Parts of the 90's were good for me. But in 2000 I separated from the ex, & it wasn't good. These days though, everybody is struggling to keep afloat, & I think that there's much more aggresive behaviour than there was.

We are going through terrible times financially, look at how the prices keep on & on rising, but wages don't. It's bound to make people agitated. The UK economy is in a far worse state than 'Dave' is letting on, & many people believe it's 'building up to something'.


----------



## fullyloaded (May 23, 2011)

cars were better back then


----------



## paddyrr3 (Oct 15, 2010)

Yeah getting ****ed on sh!te drinks like, hooch, mad dog, blast aways and the mk1 wkds. Music was good back then old school dance, ntrance, prodigy and the evolution of Indy music.

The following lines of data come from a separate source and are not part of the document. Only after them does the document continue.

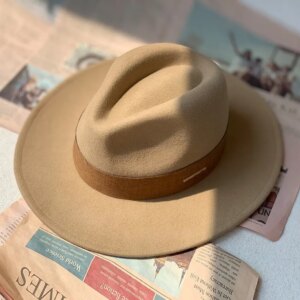 The new autumn and winter flat top hat for men women fashion wide eaves with Europe big round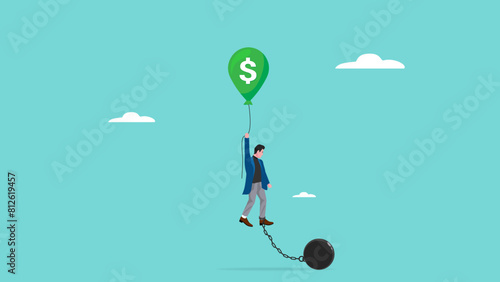 tax burden, business budget barriers, taxation problem for wealth accumulation, businessman fails to fly using a green balloon with a dollar symbol because of the weight ball attached to his feet photo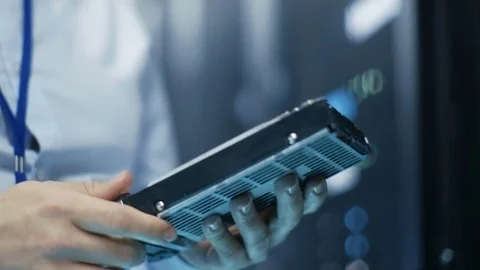 In Fully Working Data Center IT Engineer Installs Hard Drive into Server Rack.  Stock Footage 74630968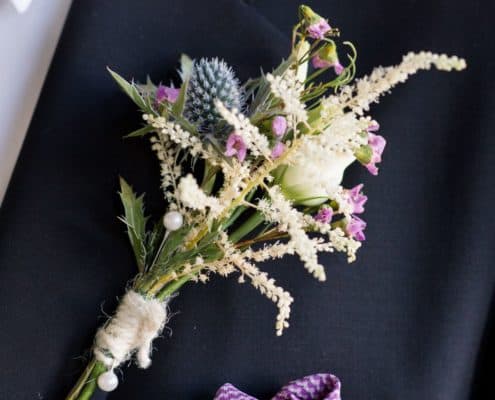 blue sea holly, white astilbe and pink flower boutineer wrapped in white twine, white and purple pocket square, Flower Muse wholesaler, Krystle De Santos wedding designer, Metropolitan Building, Long Island City, NY wedding photographer.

Also didn't give a flying fcuk back then.


----------



## mal (Dec 31, 2009)

Terry Venables dosnt lol.


----------



## Jay.32 (Dec 12, 2008)

achilles88 said:


> looking through some old pictures today and i really miss the 90's early 2000's things seemed much easier and more relaxed and everyone in general was alot nicer/ easier to talk to, nowadays it seems like everyones in a never ending struggle and peoples personalitys come off quite sour and the world in general seems like not a very nice place, or has it always been this way??


Toataly agree... I think things were more relax in the 90's...although I spent most of the mid to late 90's clubbing, dj'ing off my t!ts on rec drugs....so that might have something to do with it:lol:


----------



## beanpole (Jun 27, 2011)

I was thinking the same just a few weeks ago.... I buzzed off trance and hard house. 99-01 I hit it hard in manchester for 2 years every weekend. RIP Tangled @ Phoenix. Fell in love... with E.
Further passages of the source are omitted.